Stored data entries:
————

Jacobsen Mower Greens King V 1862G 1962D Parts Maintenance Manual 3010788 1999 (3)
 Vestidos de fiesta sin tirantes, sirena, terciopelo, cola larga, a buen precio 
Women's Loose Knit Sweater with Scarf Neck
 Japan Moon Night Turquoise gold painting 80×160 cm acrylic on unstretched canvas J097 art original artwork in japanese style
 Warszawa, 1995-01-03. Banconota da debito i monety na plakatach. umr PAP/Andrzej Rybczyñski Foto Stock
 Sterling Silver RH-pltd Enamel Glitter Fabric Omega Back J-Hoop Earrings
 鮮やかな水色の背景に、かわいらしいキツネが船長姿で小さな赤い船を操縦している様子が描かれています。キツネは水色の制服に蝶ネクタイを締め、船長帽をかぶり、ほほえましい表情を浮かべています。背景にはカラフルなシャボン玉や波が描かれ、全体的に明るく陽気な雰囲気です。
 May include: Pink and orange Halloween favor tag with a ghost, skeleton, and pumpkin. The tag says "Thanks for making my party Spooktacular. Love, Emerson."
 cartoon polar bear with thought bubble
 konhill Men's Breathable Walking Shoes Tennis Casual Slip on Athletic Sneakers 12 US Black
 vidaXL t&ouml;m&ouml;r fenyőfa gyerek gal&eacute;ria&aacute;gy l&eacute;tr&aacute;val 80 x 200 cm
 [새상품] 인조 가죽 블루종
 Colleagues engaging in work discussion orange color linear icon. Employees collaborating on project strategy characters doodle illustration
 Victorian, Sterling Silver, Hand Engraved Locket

————

Your goal: Retype all the data exactly, line for line.

Exercise solution:
Jacobsen Mower Greens King V 1862G 1962D Parts Maintenance Manual 3010788 1999 (3)
 Vestidos de fiesta sin tirantes, sirena, terciopelo, cola larga, a buen precio 
Women's Loose Knit Sweater with Scarf Neck
 Japan Moon Night Turquoise gold painting 80×160 cm acrylic on unstretched canvas J097 art original artwork in japanese style
 Warszawa, 1995-01-03. Banconota da debito i monety na plakatach. umr PAP/Andrzej Rybczyñski Foto Stock
 Sterling Silver RH-pltd Enamel Glitter Fabric Omega Back J-Hoop Earrings
 鮮やかな水色の背景に、かわいらしいキツネが船長姿で小さな赤い船を操縦している様子が描かれています。キツネは水色の制服に蝶ネクタイを締め、船長帽をかぶり、ほほえましい表情を浮かべています。背景にはカラフルなシャボン玉や波が描かれ、全体的に明るく陽気な雰囲気です。
 May include: Pink and orange Halloween favor tag with a ghost, skeleton, and pumpkin. The tag says "Thanks for making my party Spooktacular. Love, Emerson."
 cartoon polar bear with thought bubble
 konhill Men's Breathable Walking Shoes Tennis Casual Slip on Athletic Sneakers 12 US Black
 vidaXL t&ouml;m&ouml;r fenyőfa gyerek gal&eacute;ria&aacute;gy l&eacute;tr&aacute;val 80 x 200 cm
 [새상품] 인조 가죽 블루종
 Colleagues engaging in work discussion orange color linear icon. Employees collaborating on project strategy characters doodle illustration
 Victorian, Sterling Silver, Hand Engraved Locket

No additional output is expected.